It really would not be fair to follow up your bad day at work story with one of mine. That’s because when it comes to sad stories, I’ve got a hand full of spades. Every single time. Pretty soon you just won’t want to play with me anymore. You won’t ask about work. It will be the elephant in the room, the one in the corner making herself a drink. Don’t worry, its okay. I get it. I do understand. It’s hard for me, too, walking into the hospital on some gorgeous happy sunny days. You never know what you’re walking into. You never know how hard your hands will be squeezed. Or how many times your heart will be flipped upside down. How many screams or cries you will hear. Or how hard it will be to hold back the tears building a sad castle inside. You never know how many times you will need to go to the bathroom. Or how many times you will just have to keep holding it. Or if you will eat anything other than a donut and cheez-its. It’s an unpredictable environment, to say the least.

But, it’s not all ace of spades sad trumping stories. Or none of us would do it. There are victorious, fist pumping small miracles happening. All around. I could also tell you of some of the most inspiring stories. The times where I’ve witnessed love in it’s purest, most raw and unconditional form. When I’ve held back both happy and sad tears as I left the room to go grab a warm blanket. Or a glass of water for a parent. I can attempt to describe to you the thrill of working on a team where each member excels in different roles but most have mutual respect and adoration for each other. And every member has the same goal: to help make things better in both gigantic life-saving ways and the seemingly small, dignity reviving ways. We all show up and hope to help kids and families overcome. We aspire to make the world inside a kid’s hospital better.

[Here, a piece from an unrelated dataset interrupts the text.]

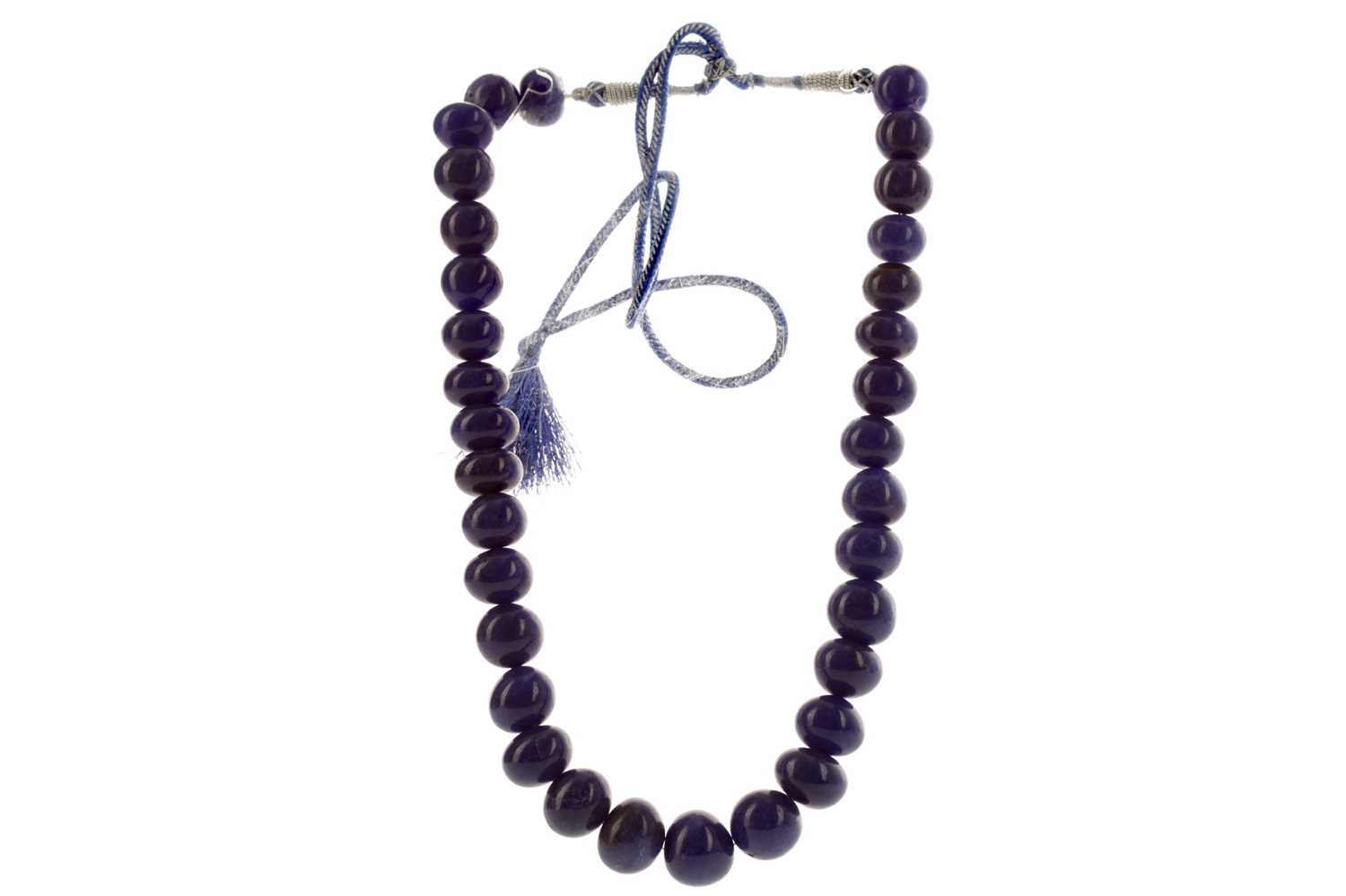 Lot 1422 - A SAPPHIRE BEAD NECKLACE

If I could see that you truly wanted to listen, I would highlight all the joys and all of the many pains. The frustrations. And the necessary humor. Definitely the life-changing moments. The many heroes and heroines. You would hear all about the kids who proudly shouted “I did it!” after completing something really scary and painful. And excruciatingly hard. I wouldn’t forget to tell you of the time where I witnessed a teenage brother sit on the bed and comfort his younger sister in the most inspiring, compassionate way. A way that reminded me of my big brother. Or the time where I stood beside a father who held on so tightly to his daughter’s head and hand, never letting go, as she screamed in pain and begged him to hold her. I think she was begging him to make it stop. To rescue her. But he couldn’t do that, so he did what he could. He held onto her through the hurt.

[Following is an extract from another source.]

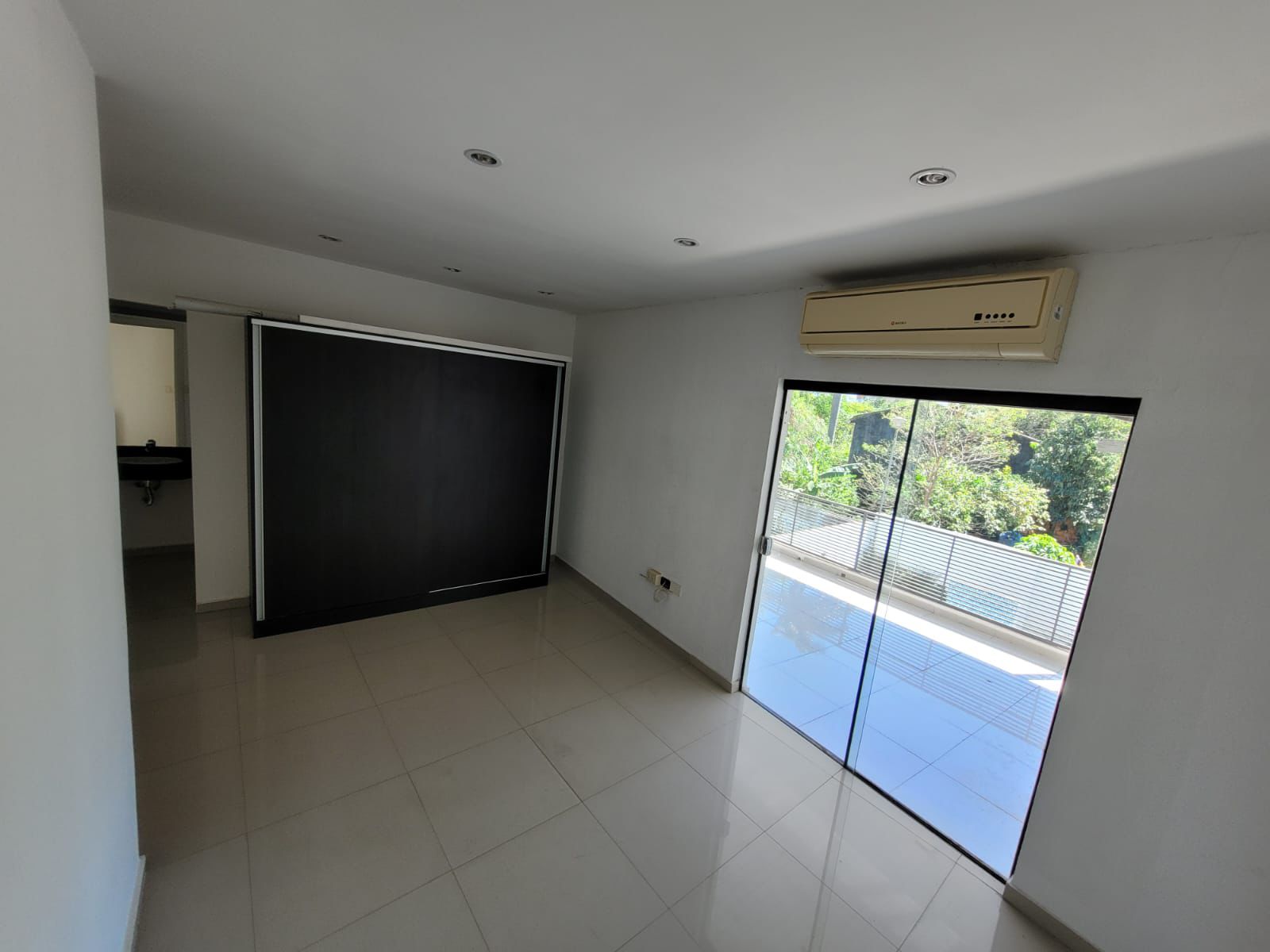 ZONA BOGGIANI EN ALQUILER DEPARTAMENTO DE DOS DORMITORIOS — foto 2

I would need to tell you of the innocent, gigantic-hearted children who say things like, “I want to stay at your house” or “do you want to go to Worlds of Fun with us?” And of the painful, heartbreaking realizations that tumble out of kids’ mouths like… “He was just a kid. And he died.” I would have to boast about the littlest interpreters who carry the weight of speaking English at the doctor and Spanish at home. Who speak for their mother or father, all the while trying to play and just be a kid. Just a few weeks ago, one sweet seven year old boy fumbled and told me, “I got lost in a word.” How perfect. I knew exactly what he meant.

I get lost in words too. Especially when I try to explain what working in a hospital is like. Most people have a hard time listening. So I stop talking. I recognize that maybe you just wanted to hear something less heavy. More happy. Lighthearted.

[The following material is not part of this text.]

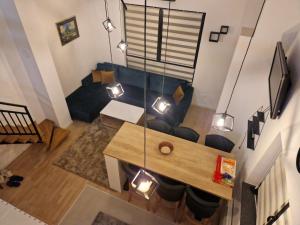 Una vista aérea de una sala de estar con una mesa y un sofá. en Apartman BJELA, en Bjelašnica 2 fotos más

Unfortunately, I think I can usually trump any sad story you tell. That doesn’t mean I should. Or that I want to. I usually won’t. I try to hide what I hold in my hands. And in my heart. Unless I know that you carry a hand of spades too. I will not unravel in front of you. I will hold my cards tightly. To my chest. You will never know of the faces, the sounds, the room number. The smells. The horror. The memory triggers. I know I can’t tell you about this. If I told you about it, you may not understand. You would wonder how I can talk without sobbing. You would think I’m some sort of sick human being. You may think I just don’t feel anymore. Or that I’m insensitive, maybe calloused. Burnt out perhaps. You may say something like “I just don’t know how you do it…..how you don’t cry.” You forgot to ask me the question. You assumed that this work doesn’t affect me. Maybe not like you imagine it would affect you. You forgot to ask,

“Do you ever cry?”

Because, if you asked this, I would answer, “Yes.” Exhale. “Yes, I do cry.” Not in front of you though. Not right here. Not right now.

I cry as I turn my back to you, quick tears that never exit. I cry in the halls and bathrooms at work. Bent over using the cheapest toilet paper or paper towels to wipe them away. Or in my office. I cry at home in my kitchen into a dish towel or on the tread mill into my t-shirt. I cry in my bedroom into my pillow when my kids are sleeping or getting ready for school. Just because I can stand in this room or tell a story without crying doesn’t mean I don’t feel the utter sense of loss and pain and unfairness that you felt upon first imagining it. I’m only human. I’m actually a lot like you.

We all have different strengths. And different capacities. Limits. Gifts. Yet, we all have weaknesses. Vulnerabilities. Every single last one of us. There is a completely different language that takes years and years to recognize and learn. A language we will never fully understand. And the more time you spend around this unspoken language, the more deeply you feel. In happy or sad moments. It’s the language of hurt. The language of pain. The language of unexpected life-altering circumstances. It’s too difficult to try and understand in a moment. In a conversation. In a day. It’s much too complicated. It often feels foreign, uncomfortable. You just can’t fathom the all-encompassing, overwhelming and sometimes heart-stopping beautiful feelings that accompany holding these cards. So, I will nod. Put on my best poker face. And most likely I will never let you truly know what it feels like to work in a children’s hospital. It’s easier for me to just hold my cards closely, tightly, right up next to my beating heart.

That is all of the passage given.